Es por allí por donde comienza el tráfico más infamante de todos: el comercio de órganos en cuya base está, por un lado, la falta de conciencia de la población no preparada espiritualmente para la donación y, por otro, las desigualdades y la podredumbre social.
Arrinconados por la miseria y por la imperiosa necesidad de subsistir, ellos y los suyos, numerosas personas venden su sangre, un riñón o una parte de su hígado, a través de “agentes”, eslabones de la cadena del tráfico o internet.
Hay países como Bangladesh y Pakistán, en los que, personas víctimas del sistema que los empobreció, venden sus órganos por alrededor de mil dólares, siendo estafados muchas veces al no percibir el precio acordado, en tanto que el receptor paga a los traficantes mil veces más.
El rico compra el órgano y el pobre se lo vende en condiciones de total indefensión frente a los riesgos y posteriores incapacidades físicas que podrían derivar el acto quirúrgico que sufrió.
Se denuncia en permanencia lo que se ha dado en llamar “turismo de tráfico de órganos”; ricos norteamericanos, israelíes, sudafricanos, árabes y de nacionalidades europeas y asiáticas, destinatarios del trasplante, viajan a los países donde las redes mafiosas organizadas, locales e internacionales, efectúan la operación final.
La procedencia de los órganos traficados, no sólo es producto de la compra-venta de los mismos, sino que proviene de otras fuentes que ni la mente más maléfica de la ciencia ficción, podría imaginar. La realidad supera la fantasía más tenebrosa.
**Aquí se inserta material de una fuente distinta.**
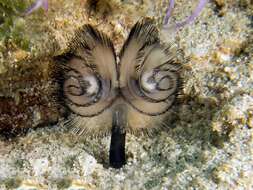 Image of Brown whirl tubeworm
Condenados a muerte en China, prisioneros de guerra de diferentes países del planeta, kosovares en el genocidio, inmigrantes subsaharianos, clandestinos en el Sinaí, huérfanos o niños extraviados, víctimas de desastres naturales y, por último, el rapto de niños que viven en las calles o robados a sus padres ya grandecitos o en el momento de nacer en sanatorios y hospitales, forman parte del universo de víctimas.
Ha poco, un ex intrigante de la una mara salvadoreña, confesó en una entrevista ser el autor, entre otros crímenes, de robos de niños por encargo, ya sea destinados a la adopción o para ¡¡horror!!, extracción de órganos.
Se dice que entre los comercios ilícitos criminales, el tráfico de órganos es el que proporciona mayores beneficios económicos, después de los negocios de drogas, armas y trata de personas con destino al trabajo y a la explotación sexual, como se está dando, entre otros muchos países, en México, Centroamérica, Irak, Haití, Europa del Este y Africa. Un azote universal.
Para ser trasplantado, un órgano necesita mantenerse vital, no trasmitir enfermedades contagiosas (sida, hepatitis B y C, rabia, por citar algunas) y, además, ser del mismo grupo sanguíneo y tener otras histocompatibilidades. El paciente receptor necesita de un seguimiento médico estricto y ser sometido a terapia inmunosupresora, para evitar el rechazo.
Por las razones señaladas, el eslabón más importante de la cadena comercial de la vida y de la muerte, lo constituye el equipo médico. Nadie se salva, desde el administrativo hasta el cirujano, que es el máximo responsable, entre clínicos, anestesistas, auxiliares, instrumentistas, etc.
Si a un médico, por mala praxis, se le sanciona, a veces con la cárcel, cancelación de su título o punición monetaria, ¿qué condena se debe aplicar al facultativo que asesina o mutila a un ser humano para robar sus órganos y venderlos?. ¿Qué ocurre con los médicos torturadores?. ¿Qué los diferencia de los criminales de guerra?.
Tal vez, algunos de esos monstruos insospechados o encubiertos, convivan entre nosotros como personas respetables, insospechadas, con discursos hipócritamente altruistas y, bajo una careta bonachona, reniegan de su condición humana, denigrando su profesión. Hienas con máscara humana.